Bei dem Kommentar zur Neuregelung verwies der Verband Airlines for Europe darauf, dass man die Entscheidung begrüße, Mitglied Ryanair „diese Position aber nicht teilt“. Ryanair-Chef O’Leary hatte den Slot Waiver stets als verbraucherfeindlich kritisiert, da er Billig-Airlines künstlich am Ausbau ihres Angebots hindere, was seiner Ansicht nach die Ticketpreise hoch hält.
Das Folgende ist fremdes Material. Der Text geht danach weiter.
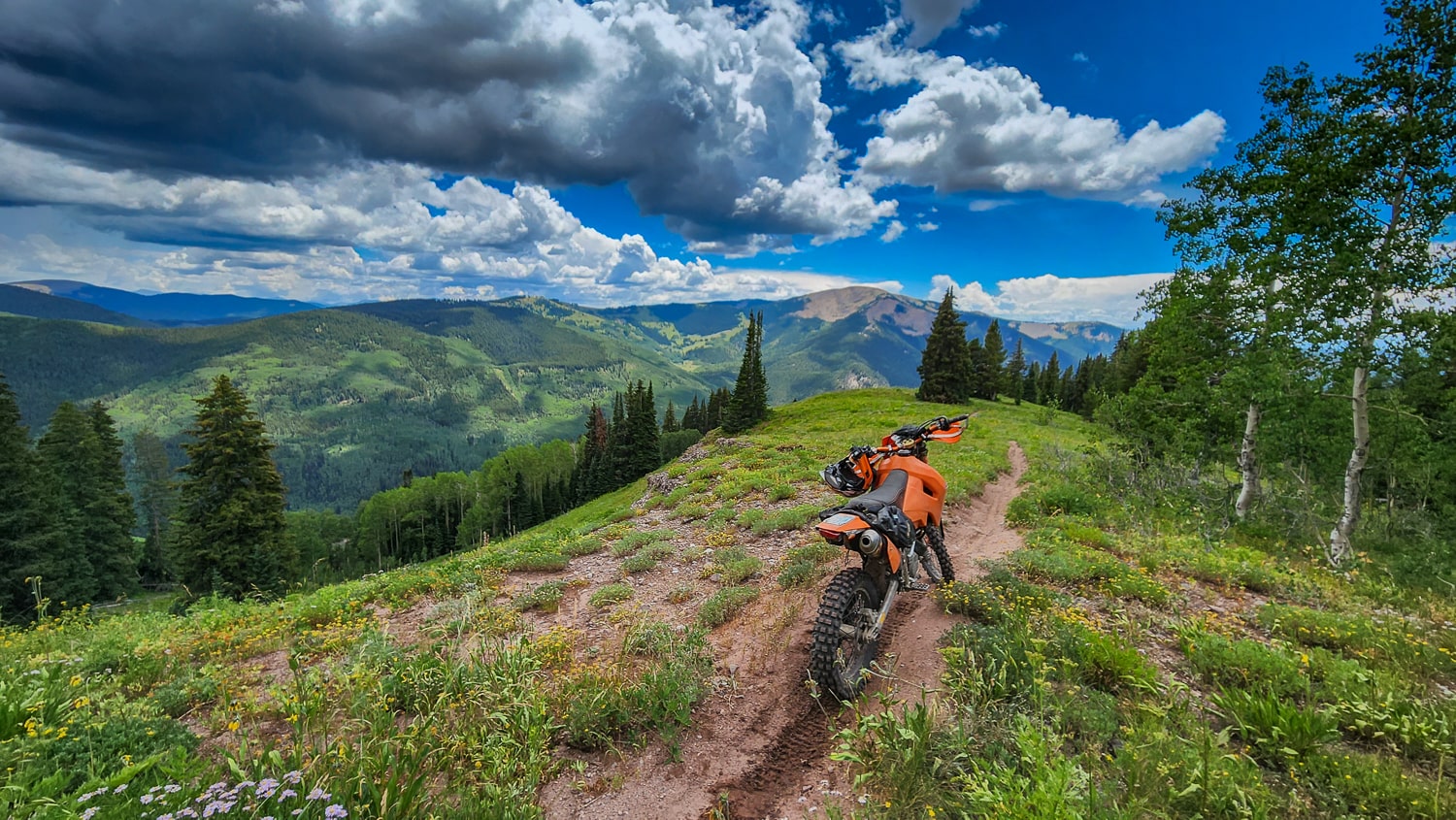 a motorcycle on trail cutting through grassy ridge with mountains behind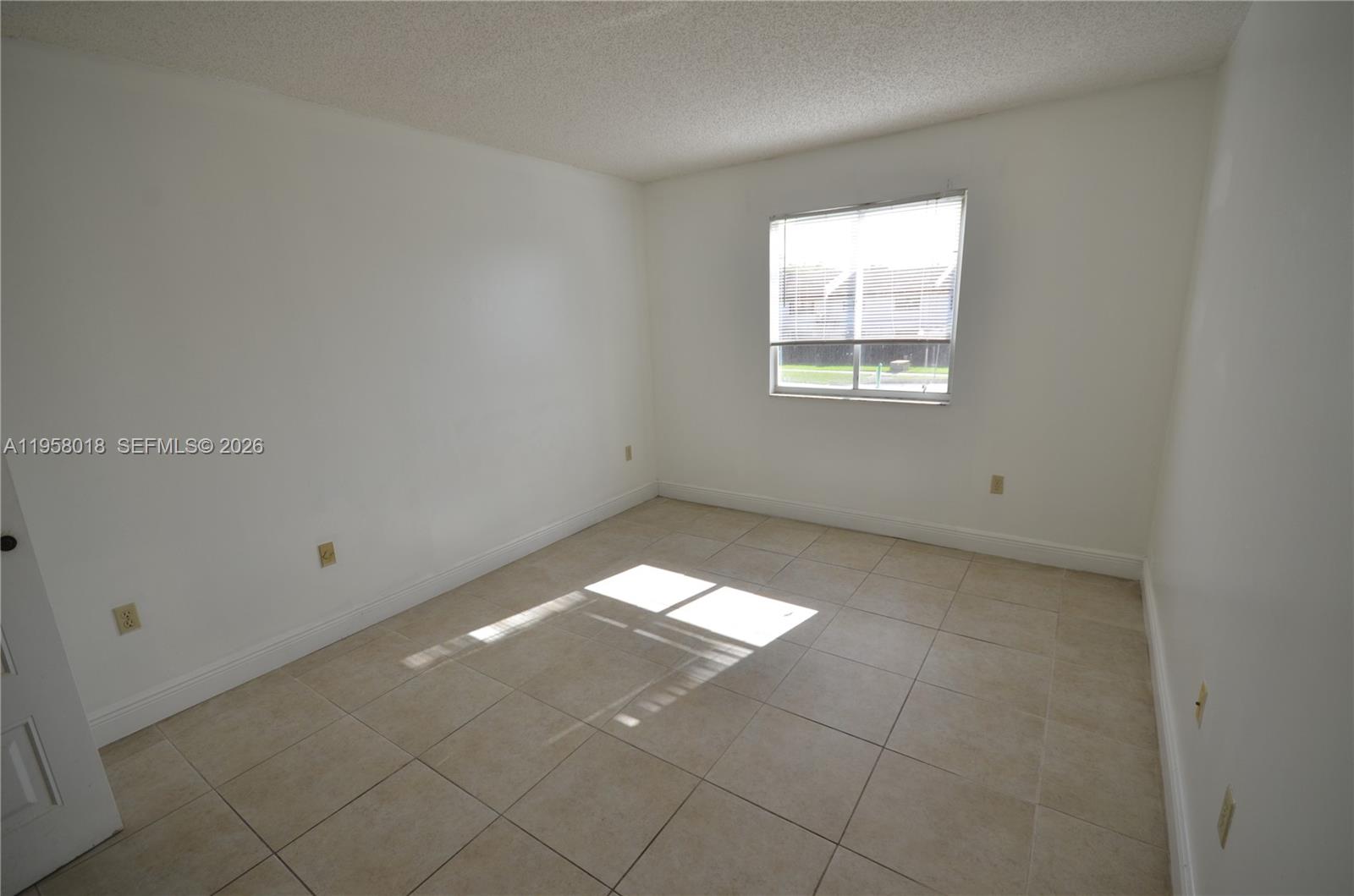 15201 Southwest 80th Street, Unit 207 Miami, FL 33193 - Photo 6 of 19 an empty room with a window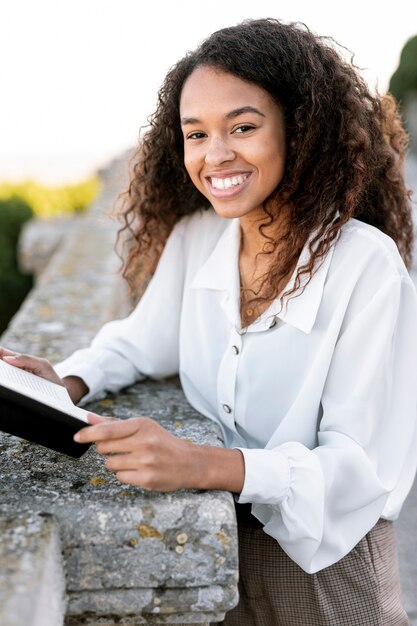 Mujer rubia posando al aire libre mientras sostiene un libro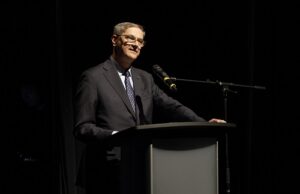 Man in a dark suit delivering a speech at a podium on a stage with a microphone there.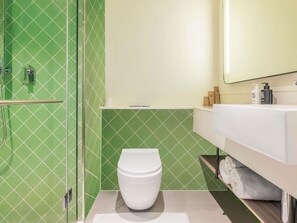 A bathroom with a toilet, a shower, and a sink with toiletries. - Ibis Styles Goa Vagator (Vagator)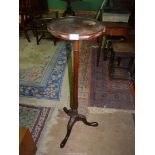 A Mahogany jardiniere stand on tripod feet, 43" tall.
Laut Wizzair hat die Entscheidung, die Regeln für Start- und Landerechte an Flughäfen mit begrenzten Slots auszusetzen, das Unternehmen daran gehindert, in London-Gatwick zu expandieren, wo Konkurrent Easyjet eine dominante Position innehat. Deren Chef Johann Lundgren (54) wischte die Bedenken der Wettbewerber nun bei einer Diskussion vom Tisch. „Das ist eine unsinnige Debatte, absoluter Blödsinn“, sagte Lundgren, der den Billigflieger seit Ende 2017 führt. „Es gibt keinen Beweis dafür, dass dies in irgendeiner Weise den Wettbewerb einschränkt.“ Easyjet selbst übernahm kürzlich Slots der angeschlagenen Norwegian und baute damit das Geschäft in London-Gatwick aus. „Wir haben in diesem Fall einen Deal mit Norwegian gemacht. Dies ist ein freier Markt. Jeder kann tun und lassen, was er will.“

Wizzair-Chef Váradi gilt in der Airlinebranche als ähnlich streitbarer Geist wie Ryanair-CEO O’Leary, ist aber außerhalb der Luftfahrtblase weniger bekannt als sein irischer Kollege. Der 55-Jährige Ungar ist einer der Gründer von Wizzair und steht seit 2003 an der Spitze des Unternehmens. Im November 2020 hat der Manager einen unbefristeten Vertrag als CEO erhalten. Die Ausnahmeregelungen von Slot-Zuteilungen auf Flughäfen habe zur Folge, dass Airlines „ganz ohne Aktivität“ auf diesen Slots säßen, was anderen wiederum zum Nachteil gereiche. Die meisten Airlines würden angesichts der Lage in einem ineffizienten Status quo verharren und dazu insgesamt 33 Mrd. Euro an europäischen Staatshilfen kassieren. „Keine der so unterstützten Ge­sellschaften wird jemals in der Lage sein, diese Gelder zurückzuzahlen. Das ist verschwendetes Staatsbudget, und bei diesen Fluglinien ändert sich auch in Zukunft nichts“, hatte Váradi im vergangenen Herbst gepoltert. Wizzair selbst habe ein Ansuchen um Staatshilfen niemals ins Auge gefasst. „Das ist nicht unsere Auffassung von Geschäftspraktiken. Wir wollen nicht dem Steuerzahler auf der Tasche liegen, sondern möchten unser Unternehmen nach den Regeln des Marktes führen.“

Ganz zufrieden mit der in Brüssel vereinbarten Neuregelung dürften allerdings auch die Chefs der großen Netzwerk-Airlines nicht sein. Deren Interessenvertreter hatten die Möglichkeit gefordert, vorübergehendend ganze Slot-Serien während des kommenden Sommers zurückgeben zu können, ohne sie dauerhaft zu verlieren. Noch besser hätte ihnen wohl eine Aussetzung der Nutzungspflicht bis in den Herbst hinein gefallen. Lufthansa-Chef Carsten Spohr etwa hatte anderenfalls mit Leerflügen gedroht.

Auf der Intensivstation

Liegen die Airline-Chefs in Sachen Slot-Regeln auch im Clinch, herrscht bei einem anderen, derzeit bestimmenden Thema Einigkeit: Fliegen sei auch in Coronazeiten sicher und die Luft an Bord von Verkehrsmaschinen könne „qualitativ mit jener auf Krankenhaus-Intensivstationen“ gleichgesetzt werden, so Váradi. Dem würden auch O’Leary, Lundgren und Spohr nicht widersprechen.